What follows is a set of records; repeat them exactly, without the pictures.
◇ ◇ ◇ ◇
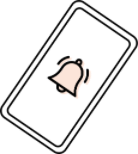 Step Icon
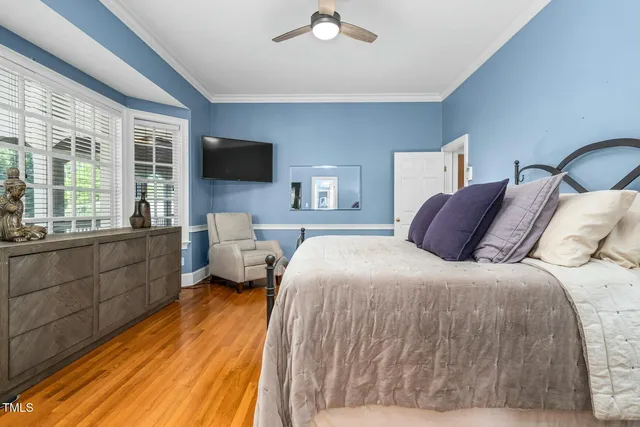 a kitchen with stainless steel appliances granite countertop a stove a sink dishwasher and a refrigerator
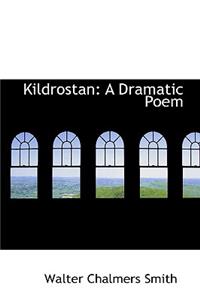 Kildrostan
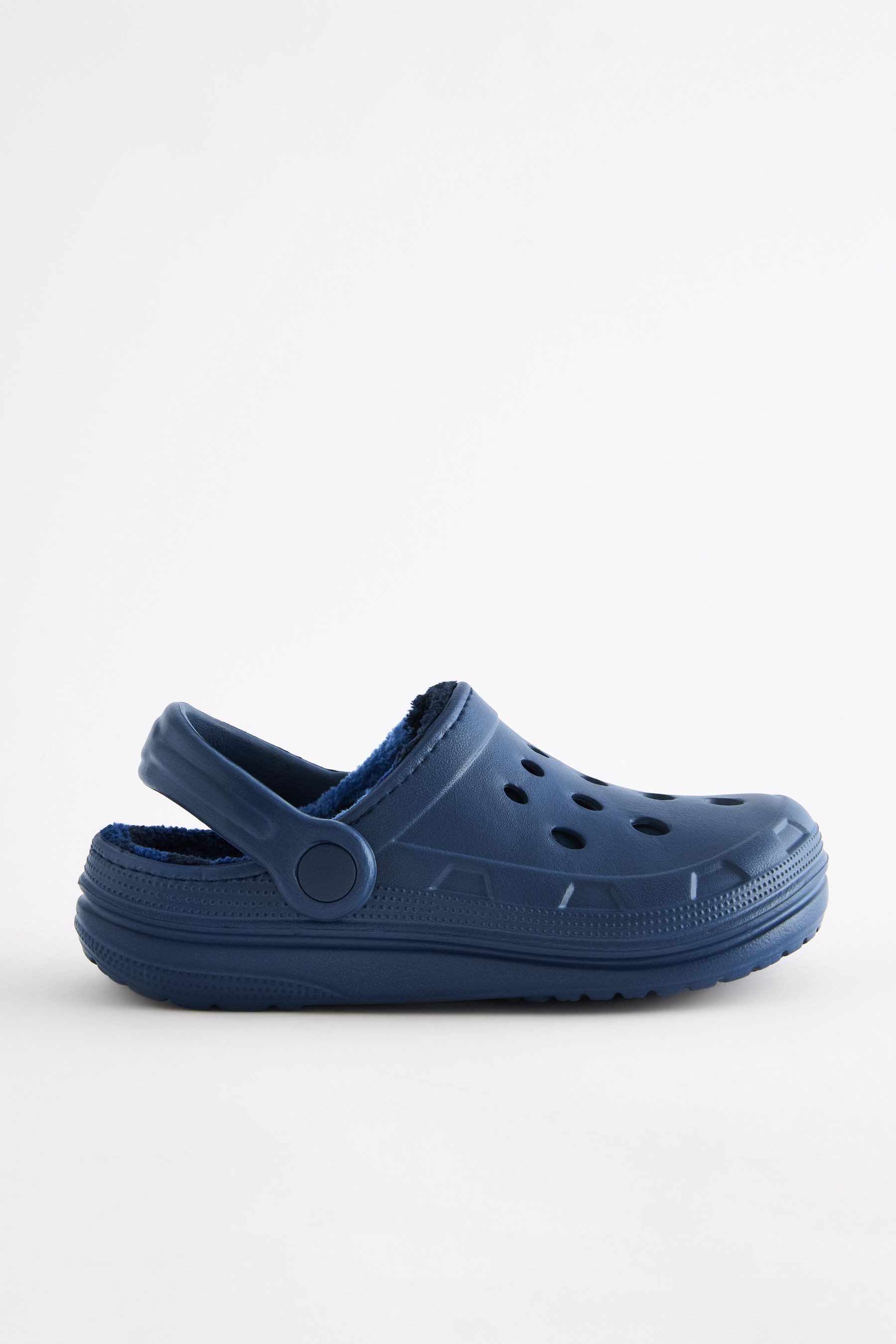 Hausschuhe Clogs Hausschuh
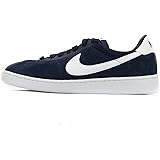 air max bruin vpr txt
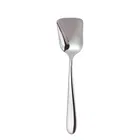 Alessi Nuovo Milano Ice Cream Spoon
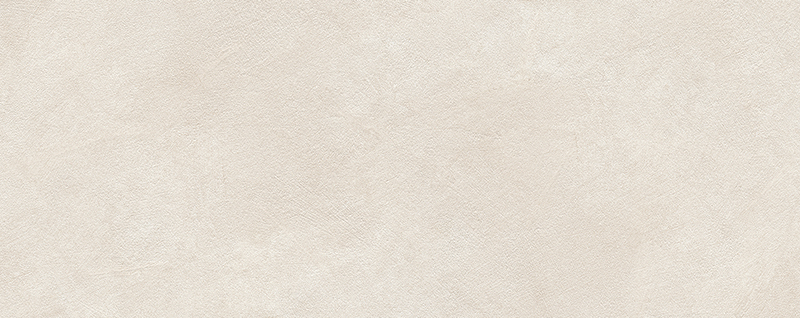 SANTORINI BONE 59,6X150(A) арт. 80427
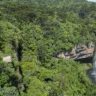 Parque do Caracol, em Canela, ficará fechado por 5 meses para reestruturação orçada em R$ 32 milhões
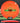 Dynamic Discs Motive Lucid Lucid Traffic Cone/Emerald 147.3g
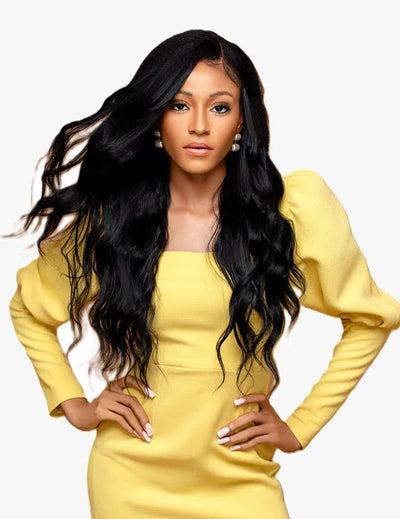 model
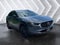 2026 Mazda Mazda CX-30 2.5 S Carbon Edition AWD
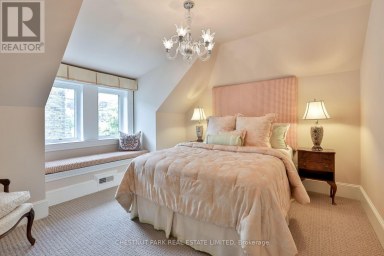 12 SHORNCLIFFE AVENUE Toronto (Casa Loma) Ontario photo 38
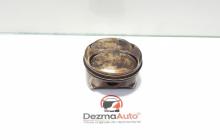 Piston, Bmw 3 (E46) 2.0 b, N42B20A (id:389788)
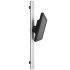VESA Wall Mount Quick Release w/ Two Orientations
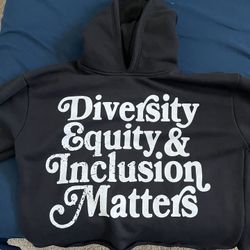 Euphoric 777 Mental Health Hoodie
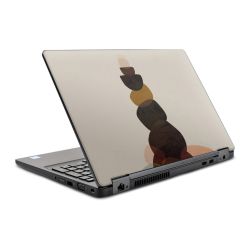 Foils for Laptops glossy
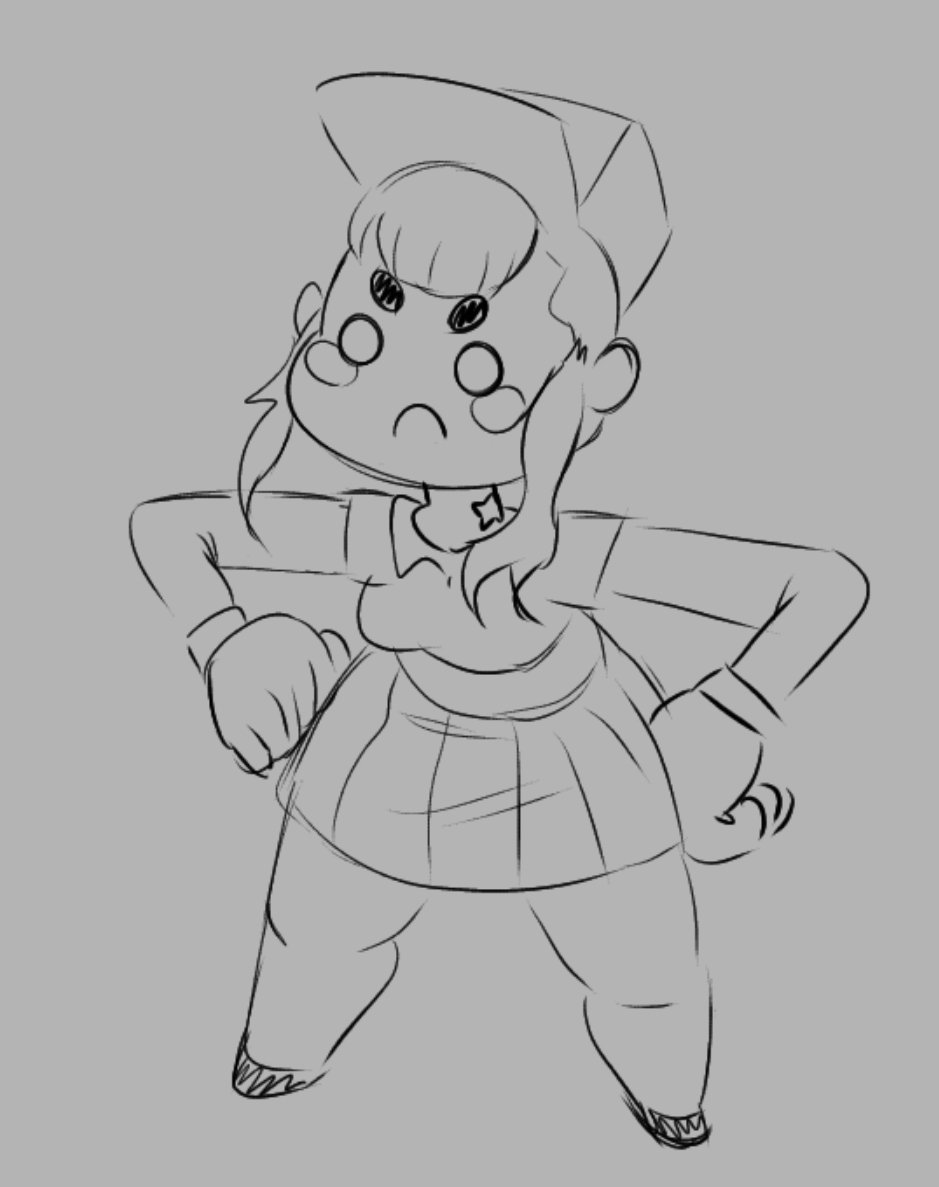 vault_exp's tweet image. Lil cherry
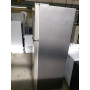 Refrig Double Froid SAMSUNG RT46H5000SP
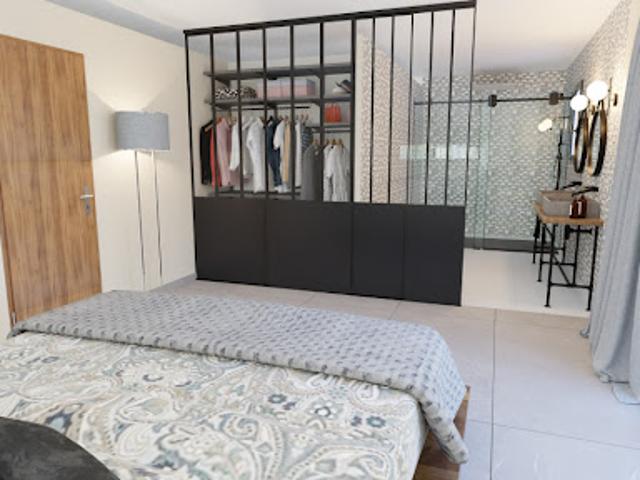 Vente Maison 4 pièces 150 m2 Thuir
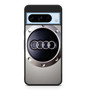 Audi Car Logo Google Pixel 8 Pro Case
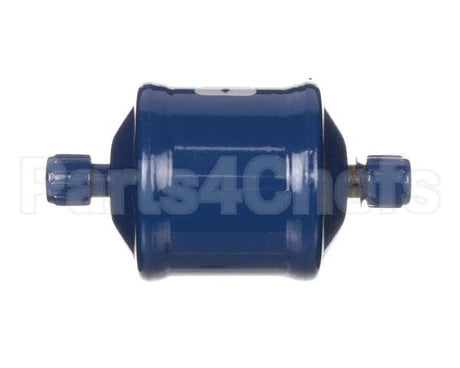 36-0156-0001 Fbd Dryer, Filter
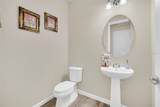 2479 Cedar Rose Street - Photo 20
◇ ◇ ◇ ◇
* SOLVED EXERCISE
 Step Icon
 a kitchen with stainless steel appliances granite countertop a stove a sink dishwasher and a refrigerator
 Kildrostan
 Hausschuhe Clogs Hausschuh
 air max bruin vpr txt
 Alessi Nuovo Milano Ice Cream Spoon
 SANTORINI BONE 59,6X150(A) арт. 80427
 Parque do Caracol, em Canela, ficará fechado por 5 meses para reestruturação orçada em R$ 32 milhões
 Dynamic Discs Motive Lucid Lucid Traffic Cone/Emerald 147.3g
 model
 2026 Mazda Mazda CX-30 2.5 S Carbon Edition AWD
 12 SHORNCLIFFE AVENUE Toronto (Casa Loma) Ontario photo 38
 Piston, Bmw 3 (E46) 2.0 b, N42B20A (id:389788)
VESA Wall Mount Quick Release w/ Two Orientations
 Euphoric 777 Mental Health Hoodie
 Foils for Laptops glossy
 vault_exp's tweet image. Lil cherry
 Refrig Double Froid SAMSUNG RT46H5000SP
 Vente Maison 4 pièces 150 m2 Thuir
 Audi Car Logo Google Pixel 8 Pro Case
 36-0156-0001 Fbd Dryer, Filter
 2479 Cedar Rose Street - Photo 20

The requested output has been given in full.